That is a hard thing to admit, and I am in a simaliar situation. Seeing this makes me face it a little bit. I just made a post about my wanting to leave, and I'm ready to let her. I think a lot of our issues have stemmed from the fact that I jumped into quickly and didn't really love her. I have lied to my self and her, and our friends and family for years because I thought that I could love her, I could make it work, I had to make it work. And I think she knows that, not because i told her but because she can feel it, it's not real, it's forced. Our only commonality is that we love our daughter. Thank you for your post it really hit home. Hard truth to face.


----------



## Pinto3 (Feb 7, 2016)

I want to clarfiy, that she is the mother of my daughter and we have lived together for 5 years, so In a respect I do and will always love her. I am just not nor have I ever been pasionalty in love with her.


----------



## SunCMars (Feb 29, 2016)

Pinto3 said:


> I want to clarfiy, that she is the mother of my daughter and we have lived together for 5 years, so In a respect I do and will always love her. I am just not nor have I ever been pasionalty in love with her.


You only live once. 

"You love her but are not in love with her", comes across. She is the mother of your children, but the connection is not there. You have said that, repeat ably. We hear you.

File for divorce. Let her take the job. It will give her a good income She will then have a new start for herself and the girls. 

You will find out quickly what she thinks about you, your relationship and all that it entails. The divorce will impact your finances for a long time. 

Be totally supportive of her until she is on her feet in the new location.
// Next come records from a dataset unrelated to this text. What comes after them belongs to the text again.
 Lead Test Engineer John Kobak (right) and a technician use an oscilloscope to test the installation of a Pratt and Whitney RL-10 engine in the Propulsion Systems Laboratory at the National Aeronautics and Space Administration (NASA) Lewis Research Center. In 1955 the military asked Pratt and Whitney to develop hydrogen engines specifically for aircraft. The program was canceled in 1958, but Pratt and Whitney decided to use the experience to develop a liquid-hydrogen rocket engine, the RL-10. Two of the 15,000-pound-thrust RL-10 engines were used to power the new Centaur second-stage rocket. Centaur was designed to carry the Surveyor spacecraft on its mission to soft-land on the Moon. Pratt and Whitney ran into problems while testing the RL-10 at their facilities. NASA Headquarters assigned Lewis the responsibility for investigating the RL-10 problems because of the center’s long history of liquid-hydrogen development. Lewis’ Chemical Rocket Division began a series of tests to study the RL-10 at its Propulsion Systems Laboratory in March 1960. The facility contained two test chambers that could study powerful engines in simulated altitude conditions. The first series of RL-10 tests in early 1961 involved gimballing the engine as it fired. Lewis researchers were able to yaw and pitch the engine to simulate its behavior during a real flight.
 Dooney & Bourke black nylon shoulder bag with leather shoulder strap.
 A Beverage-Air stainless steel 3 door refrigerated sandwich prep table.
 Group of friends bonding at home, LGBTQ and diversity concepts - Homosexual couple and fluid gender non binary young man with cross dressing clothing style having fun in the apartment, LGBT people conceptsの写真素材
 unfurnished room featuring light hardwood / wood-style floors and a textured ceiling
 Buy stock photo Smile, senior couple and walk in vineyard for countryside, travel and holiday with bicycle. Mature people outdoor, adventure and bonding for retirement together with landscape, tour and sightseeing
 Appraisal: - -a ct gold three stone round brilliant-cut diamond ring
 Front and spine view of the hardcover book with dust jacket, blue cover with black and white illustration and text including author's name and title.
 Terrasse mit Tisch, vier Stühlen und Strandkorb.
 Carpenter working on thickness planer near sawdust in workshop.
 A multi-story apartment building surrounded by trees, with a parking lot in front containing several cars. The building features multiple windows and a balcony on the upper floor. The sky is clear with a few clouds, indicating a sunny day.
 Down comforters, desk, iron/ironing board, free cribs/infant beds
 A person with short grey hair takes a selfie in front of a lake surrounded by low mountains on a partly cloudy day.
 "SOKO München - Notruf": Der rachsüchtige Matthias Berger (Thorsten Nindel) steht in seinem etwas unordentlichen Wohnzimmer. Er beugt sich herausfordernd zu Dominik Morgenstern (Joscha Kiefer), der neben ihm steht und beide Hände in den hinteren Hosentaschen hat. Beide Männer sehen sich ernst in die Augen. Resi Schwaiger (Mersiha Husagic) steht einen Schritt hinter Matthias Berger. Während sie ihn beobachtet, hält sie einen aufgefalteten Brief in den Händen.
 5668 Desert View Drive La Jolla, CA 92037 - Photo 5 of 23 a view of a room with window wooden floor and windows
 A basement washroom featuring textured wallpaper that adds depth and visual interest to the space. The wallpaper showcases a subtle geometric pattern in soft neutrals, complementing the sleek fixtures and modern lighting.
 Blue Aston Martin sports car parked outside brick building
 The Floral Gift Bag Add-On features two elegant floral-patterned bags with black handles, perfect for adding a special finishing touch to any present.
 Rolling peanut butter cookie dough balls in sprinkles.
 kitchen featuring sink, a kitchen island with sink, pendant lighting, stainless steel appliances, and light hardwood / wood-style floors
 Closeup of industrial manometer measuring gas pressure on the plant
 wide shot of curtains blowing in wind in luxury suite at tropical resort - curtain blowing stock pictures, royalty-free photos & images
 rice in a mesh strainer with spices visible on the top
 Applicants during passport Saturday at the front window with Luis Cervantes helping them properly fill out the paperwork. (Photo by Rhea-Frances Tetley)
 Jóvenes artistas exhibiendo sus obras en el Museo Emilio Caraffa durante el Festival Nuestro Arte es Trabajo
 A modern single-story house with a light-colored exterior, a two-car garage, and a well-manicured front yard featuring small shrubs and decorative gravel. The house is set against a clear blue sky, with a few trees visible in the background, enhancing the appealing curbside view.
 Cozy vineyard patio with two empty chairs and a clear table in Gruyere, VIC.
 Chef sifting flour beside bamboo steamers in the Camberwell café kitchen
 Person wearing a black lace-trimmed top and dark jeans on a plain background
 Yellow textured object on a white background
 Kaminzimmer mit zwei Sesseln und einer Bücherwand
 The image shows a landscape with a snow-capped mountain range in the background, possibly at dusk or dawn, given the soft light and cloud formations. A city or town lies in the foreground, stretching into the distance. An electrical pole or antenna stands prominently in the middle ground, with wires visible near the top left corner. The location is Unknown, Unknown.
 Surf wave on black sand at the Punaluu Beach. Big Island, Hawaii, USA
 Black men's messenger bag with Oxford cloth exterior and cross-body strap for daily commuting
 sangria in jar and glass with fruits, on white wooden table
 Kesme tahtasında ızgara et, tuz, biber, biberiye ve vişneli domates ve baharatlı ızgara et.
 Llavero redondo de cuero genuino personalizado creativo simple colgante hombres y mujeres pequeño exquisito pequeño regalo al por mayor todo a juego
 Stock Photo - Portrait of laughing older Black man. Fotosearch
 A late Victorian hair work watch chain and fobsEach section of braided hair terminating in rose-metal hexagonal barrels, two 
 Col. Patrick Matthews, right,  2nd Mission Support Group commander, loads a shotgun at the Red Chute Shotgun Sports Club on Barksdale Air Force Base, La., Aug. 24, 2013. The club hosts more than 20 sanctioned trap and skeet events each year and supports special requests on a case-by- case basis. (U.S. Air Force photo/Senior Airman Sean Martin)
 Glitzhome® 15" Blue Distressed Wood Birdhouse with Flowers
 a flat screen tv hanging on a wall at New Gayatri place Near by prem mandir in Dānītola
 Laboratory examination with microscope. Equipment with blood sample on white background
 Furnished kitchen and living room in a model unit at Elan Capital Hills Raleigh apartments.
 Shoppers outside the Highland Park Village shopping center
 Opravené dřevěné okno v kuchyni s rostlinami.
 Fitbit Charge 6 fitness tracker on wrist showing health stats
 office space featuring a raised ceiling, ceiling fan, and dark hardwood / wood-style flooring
Tell her up-front that the marriage is not going to work but you have deep feelings for her and want her to succeed and be happy. 

This dialogue will not be an easy one. Take the high road and stay on the high road. 

Maybe, in the future, you too can find a job in her new area, so as to be closer to your children. Just a thought.


----------



## LaundryMan (Mar 17, 2015)

I have very strong feelings about the "staying together for the kids" thing. My parents stayed together for us kids and it's made me a very negative, nihilistic jerk when it comes to relationships.

Leave her. Now. Don't wait until your oldest is 12, as in my situation. Don't wait until they both say they never want to see you again, as in my situation. Above all, don't wait until your kids are in their 30s and think that relationships like yours are what marriage is all about. Don't do it. Just leave. ASAP.


----------



## lancaster (Dec 2, 2013)

My story is so similar to yours. I have been through MC. Originally we agreed we would go for at least a year. Instead we only did 6 sessions. I think divorce will be the ultimate outcome. Like you, I am afraid for my child. I also believe my wife is a good woman, but we are not compatible. I think she and I deserve to be happy.


----------



## ABHale (Jan 3, 2016)

So why did you not take a stand when you knew you really didn't love her? Like you said she was drawing closer to you but you were pulling away. Now it is time to fix your mistake. From what you have posted, this is all on you. It doesn't matter what she is doing if you never loved her like you should have. Then you have another kid.
_Posted via Mobile Device_


----------